Human nature presses us to concentrate on the present circumstance, the crushing weight of today’s concerns and/or the lure of its pleasures; God bids us look ahead that we may also press on toward the good things He has promised. With anticipation comes perspective.

Lighting Advent candles is one way that many choose to help anticipate the day. Light can be a wonderful symbol of hope as we anticipate Christmas day. Even if your congregation is not one that practices this tradition, it’s not difficult to incorporate something like it in our homes and especially in our hearts. Some might include more unusual ways to anticipate Jesus during a season that can easily become so busy and burdened.
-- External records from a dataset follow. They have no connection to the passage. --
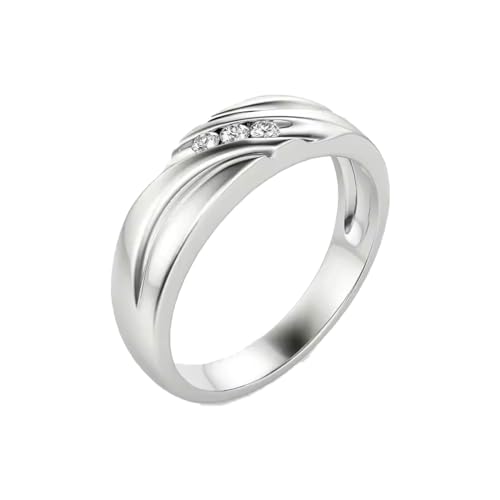 10K 14K 18K Gold Men's Diamond Wedding Band 0.06Cttw Natural Round Diamond Single Row Wedding Band for Men2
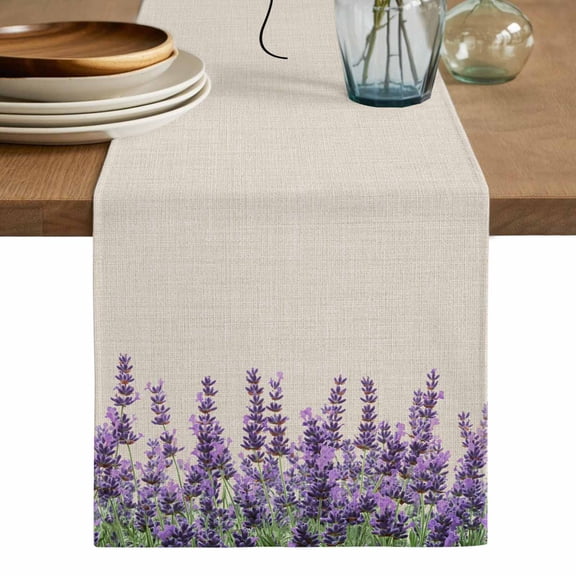 Purple Lavender Table Runner, Purple Spring Floral Wildflower Plant Washable Cotton Linen Table Runners 36 Inches Long, Dresser Scarf Runner for Nightstand/End Tables/Round Tables 13''x36''
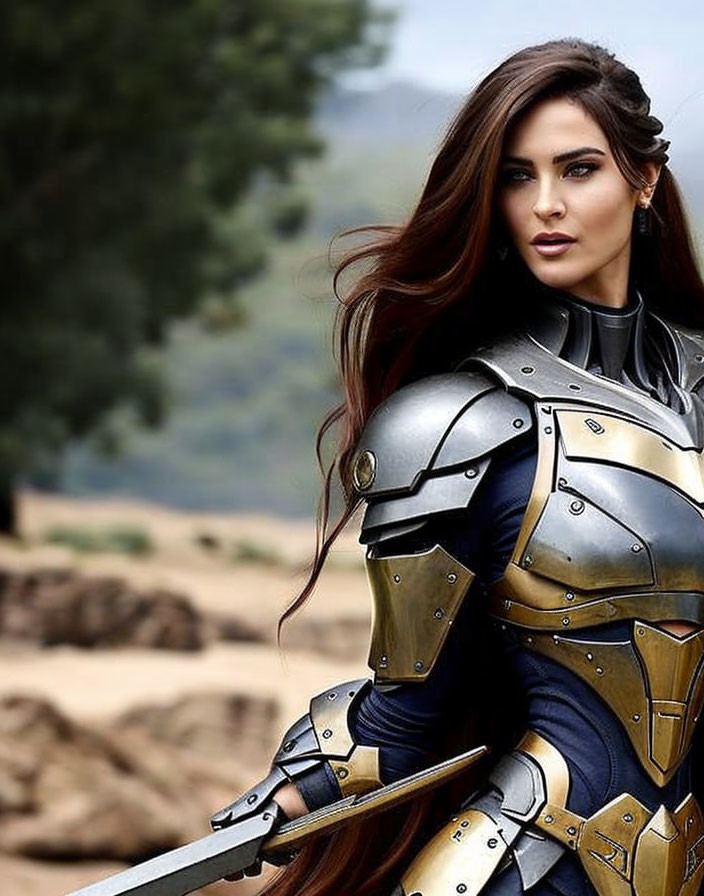 Long-haired woman in silver and gold armor with sword in blurred landscape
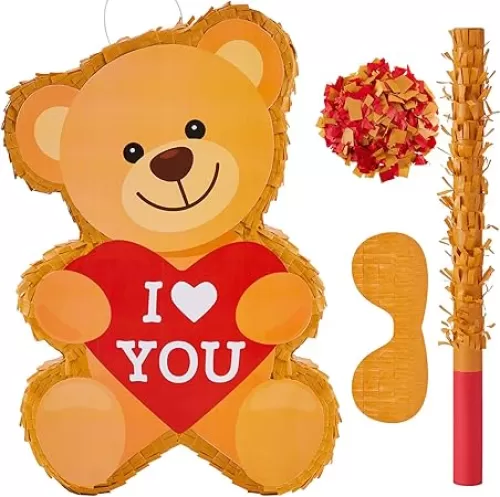 Bear Shaped Party Pinata Heart Pinata Bear Holding Red Heart with Pinata Stick Blindfold and Confetti for Kids Adults Bear Themed Birthday Party Baby Shower, 16.92 x 11.42 x 2.95 Inch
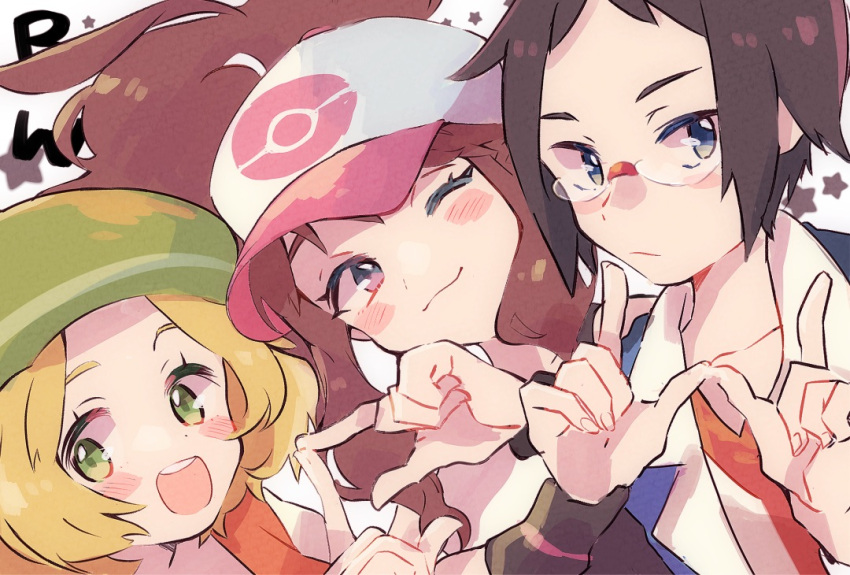 1boy 2girls :d baseball_cap beret bianca_(pokemon) blonde_hair blush_stickers brown_hair cheren_(pokemon) closed_mouth collarbone commentary_request dress eyelashes glasses green_eyes green_headwear hands_up hat hilda_(pokemon) looking_at_viewer misha_(ohds101) multiple_girls one_eye_closed open_mouth orange_vest pokemon pokemon_(game) pokemon_bw short_hair sidelocks smile star_(symbol) teeth upper_teeth vest white_dress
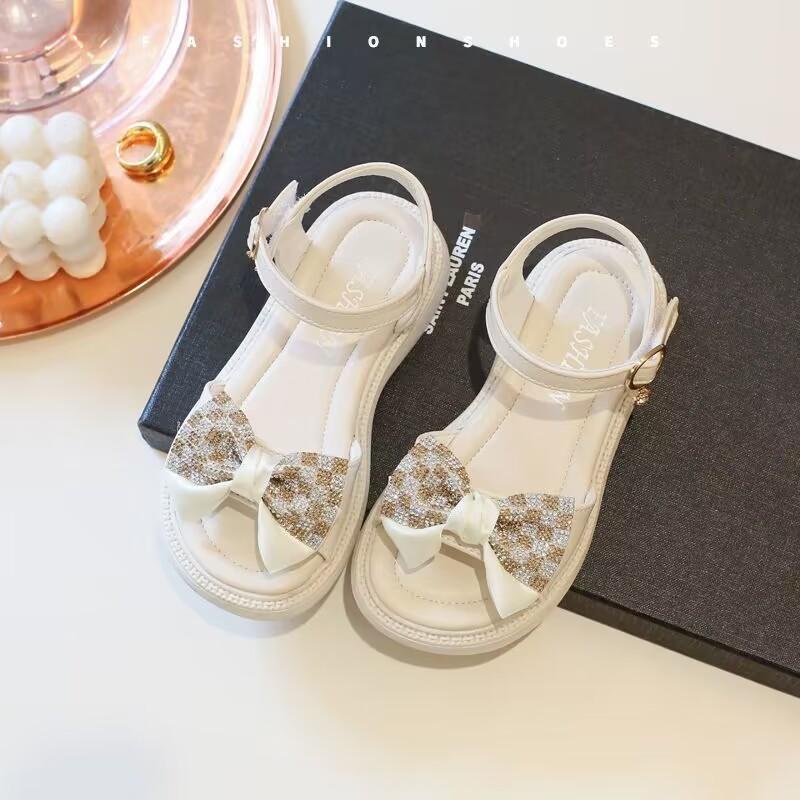 Children's Sandals Open Toe Pleated Solid Casual Girls' Square Toe 2024 Children's Fashion Wedding Party New Sandals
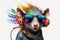 Rat Full Shot Punk Colorful Chromies. Generative AI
When we apply the principle of godly anticipation to celebrations such as Christmas, we find that how we live and prepare ourselves for that celebration matters as much as or perhaps even more than how we celebrate the day.

In Jews for Jesus we like to anticipate the celebration by redoubling our efforts to get out the gospel. Our staff and volunteers around the world will be on the streets as often as possible, greeting shoppers with smiles and a gospel tracts.
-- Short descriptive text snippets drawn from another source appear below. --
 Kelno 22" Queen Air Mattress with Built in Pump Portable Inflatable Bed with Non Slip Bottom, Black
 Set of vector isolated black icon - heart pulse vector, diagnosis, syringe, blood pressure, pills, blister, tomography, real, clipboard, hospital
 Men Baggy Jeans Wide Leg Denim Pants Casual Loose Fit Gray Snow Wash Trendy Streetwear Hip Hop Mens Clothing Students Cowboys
We often find people more open to talking about the Lord during this season. This includes Jewish people, many of whom are preparing for Hanukkah, which begins this year at sundown, December 21. Despite the proximity of the two holidays, some Jewish people feel a bit “left out” when it comes to Christmas and many are rather curious about the holiday.

Awaiting Christmas Day by looking for extra opportunities to tell others about Jesus is a wonderful way to focus on the hope we have in Him. Just imagine how exciting your celebration of Christ’s birth would be if the Lord used you to help a friend come to know Him through the new birth during this season.

Simeon and Anna may not have understood the full scope of “the Consolation of Israel,” and “redemption in Jerusalem.” But they knew that the promise of God, held for so long in their hearts, had come. And in a miraculous moment they could hold that promise, literally hold Him, in their own aged arms. As they looked upon the baby Jesus, they knew their waiting had come to an end—and they did not keep the news to themselves.

Years later, two angels, perhaps from among the very ones who heralded Jesus’ birth, addressed His disciples as they watched their Master disappear in the clouds: “Men of Galilee, why do you stand gazing up into heaven? This same Jesus, who was taken up from you into heaven, will so come in like manner as you saw Him go into heaven” (Acts 1:11).

And so the wait commenced again, and continues to this very day.

How we choose to anticipate the celebration of Christ’s birth can also help us live in expectation of His return. The new life Jesus made possible through His incarnation and passion allows us to live in the light of the future glory He has promised. Despite hardships, or perhaps even because of them, we should always be in a season of joyous anticipation.

Unfortunately, the same commercialism and faith-crushing culture we face at Christmas also confronts us all year round. How do we keep the anticipation with which God calls us to live our lives for Him each day from being dulled by the grind of the world? And how do we keep ourselves from becoming overly distracted with life’s daily pains and pleasures? Answers may vary from one person to the next, but certainly we need to pray and we need to plan if we want to “Await the Day” as faithfully as Simeon and Anna.

May God enable us to rise above the pervasive materialism and the prevalent cynicism of our times. May we place our hope firmly in His soon coming and live joyfully in light of that greater reality. Maybe this Christmas season can give us an occasion to renew ourselves to that reality, to re-gather our courage to wait with greater purpose and more fervent expectancy, “until the day dawns and the morning star rises in our hearts” (2 Peter 1:19).